Many of you know I’m back in school studying for an M.B.A. One of the core classes for the degree is economics, which I’m taking right now. I learned something the other day in economics class about some common fallacies in the economics world. One of these is called the Post Hoc Fallacy (abbreviated). What it means is it’s easy to see two unrelated events happen in sequence and make the assumption that there’s a cause and effect relationship between them.
The post hoc fallacy happens like this: Your favorite sports team won two games while you happened to be wearing a specific jersey. You therefore assume that the two events are related. You think that because you wore your “lucky jersey” during those two games, your team won both games. We all know your jersey had nothing to do with the team’s outcome in the game but you’re still tempted to wear the jersey for the next game, aren’t you?
The same fallacy exists almost daily on the news and business channels. At any given moment there’s an economist on tv relating the rise or fall of the stock market to some event overseas that really doesn’t have anything to do with the market. The event may impact a small percentage of stocks or funds, but most of the time it doesn’t have anything to do with the market as a whole. The stock market is largely influenced by supply and demand, which is largely influenced by market cycles in different industries. Industries have ups and downs, just like individual companies do. Some of those ups and downs coincide with some events that happen throughout the world, but that doesn’t mean they’re related.

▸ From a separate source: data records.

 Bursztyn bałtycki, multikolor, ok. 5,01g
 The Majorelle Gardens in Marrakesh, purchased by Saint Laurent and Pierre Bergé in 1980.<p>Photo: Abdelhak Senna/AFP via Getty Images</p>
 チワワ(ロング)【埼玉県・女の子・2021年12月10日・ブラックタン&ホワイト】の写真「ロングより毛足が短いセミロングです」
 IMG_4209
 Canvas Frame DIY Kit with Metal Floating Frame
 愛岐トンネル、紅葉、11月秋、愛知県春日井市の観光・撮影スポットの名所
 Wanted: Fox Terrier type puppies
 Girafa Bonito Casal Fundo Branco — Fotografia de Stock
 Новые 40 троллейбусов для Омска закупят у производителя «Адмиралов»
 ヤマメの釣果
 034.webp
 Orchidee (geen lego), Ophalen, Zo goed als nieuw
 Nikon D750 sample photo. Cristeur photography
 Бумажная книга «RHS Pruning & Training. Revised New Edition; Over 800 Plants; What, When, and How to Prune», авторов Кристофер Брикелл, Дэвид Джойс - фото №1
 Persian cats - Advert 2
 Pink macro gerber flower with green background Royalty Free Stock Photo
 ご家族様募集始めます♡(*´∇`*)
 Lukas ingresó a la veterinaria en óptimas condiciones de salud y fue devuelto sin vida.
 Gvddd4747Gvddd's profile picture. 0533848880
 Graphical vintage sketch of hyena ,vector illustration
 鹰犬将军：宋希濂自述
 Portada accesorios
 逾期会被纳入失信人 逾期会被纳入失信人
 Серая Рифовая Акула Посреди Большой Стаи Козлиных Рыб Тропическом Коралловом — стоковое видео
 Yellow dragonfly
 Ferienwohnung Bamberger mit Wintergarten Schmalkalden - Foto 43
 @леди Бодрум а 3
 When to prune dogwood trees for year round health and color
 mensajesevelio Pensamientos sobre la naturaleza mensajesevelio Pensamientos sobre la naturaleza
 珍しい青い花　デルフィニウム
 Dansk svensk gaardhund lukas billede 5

When you’re investing for the long term you understand this, and you expect to have some fluctuation over time in your portfolio. You buy well-diversified investments that aren’t subject to small changes in the global political scene. You don’t worry about the latest news event and what it means for your investments because you know these events will pass and your investments (if affected at all) will recover and move on with time.
Lesson learned: Don’t listen to the economists when making investment decisions. Every one of them has a different opinion on any given day, and most of them are wrong. Stay the course with your investments. Buy low, sell high, hold for the long term, and don’t put all your eggs in one basket. Make sure you do this with the help of a good financial adviser (not an economist) and you’ll be just fine.